In the current study it was observed that average 5-6 number of members lived in a single room, with a range of 2 to 8 members. It implies that the majority (> 5 persons) of the respondents live in a very poor housing condition, which is harmful for women, especially those in their adolescence. It was also observed that the respondent’s life style was always under pressure and harmful for their health. In the present study 100 percent of the respondents had no idea about the garment factory and they did not receive any training to work in a garment factory. They usually worked a minimum of 9 hours per day in the factory. The average number of pieces produced per day by the respondents was 1016. To achieve the target, they had to work overtime. In the current study, the average duration of over timework was 3.83 hours. But actually a garment worker should do work 8 hours per day like other organization and according to WTO rules.
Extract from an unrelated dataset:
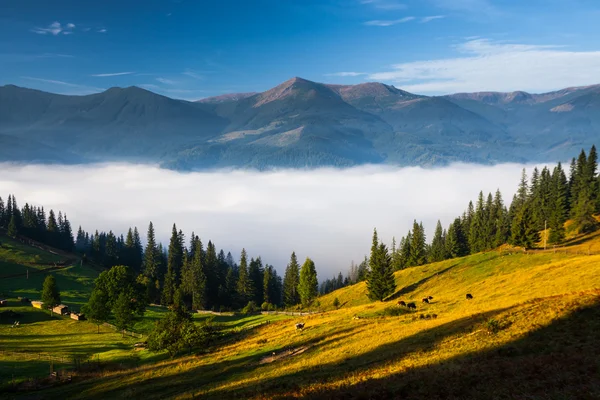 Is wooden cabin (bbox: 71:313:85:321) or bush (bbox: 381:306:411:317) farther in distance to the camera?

In the current study hundred percent respondents said that the factory have arrangements for emergency and burn situations, but no respondent could say what type of treatment would be made available during such burn situations.
Conclusion
It is clear from this study that no health access is present in garments for the women workers. Production of the garments is obviously affected. Still owners always try to fulfill their targets by any means, without paying any attention to any services like giving health access to workers, and any health support during illness of the workers. But in the long run both owners and workers are equally affected. Because women workers are the wheel of their machine named garments. Women workers “(wheel)” when sick cannot work and the machine “(garments)” stops. Production levels fall, hampering fulfillment of target in the competitive world market.
References
1. Health Service Report of Bangladesh Garments Manufacturers and Exporters Association (BGMES). Dhaka, 2005.
2. Khan W, Ahmed SKA, Sayeed A, Hadi SKA, Faruque MH. Situation Analysis of Occupational Health in the Industrial Sector in Bangladesh, paper presented at the Appraisal Mission and Planning Workshop, organized by the Bangladesh German Technical Cooperation (GTZ), held on 7-9 December 1997.
3. Majumder PP and Begum S. Upward Occupational Mobility Among Female Workers in the Garment Industry of Bangladesh. Research Report No. 153, Bangladesh Institute of Development Studies (BIDS). Dhaka, Bangladesh, 1997.
4. Paul M. Health status of the garment workers in Bangladesh. Bangladesh Institute of Development Studies (BIDS). Dhaka. 2003.
5. Survey on Health Status of the Workers Employed in the Garment Sector of Bangladesh. Bangladesh Institute of Development Studies (BIDS). Dhaka. April-August, 1998.
6. Zohir SC and Majumder PP. Garment Workers in Bangladesh: Economic, Social and Health Conditions. Research Monograph No. 18, Bangladesh Institute of Development Studies (BIDS). Dhaka, Bangladesh, 1996.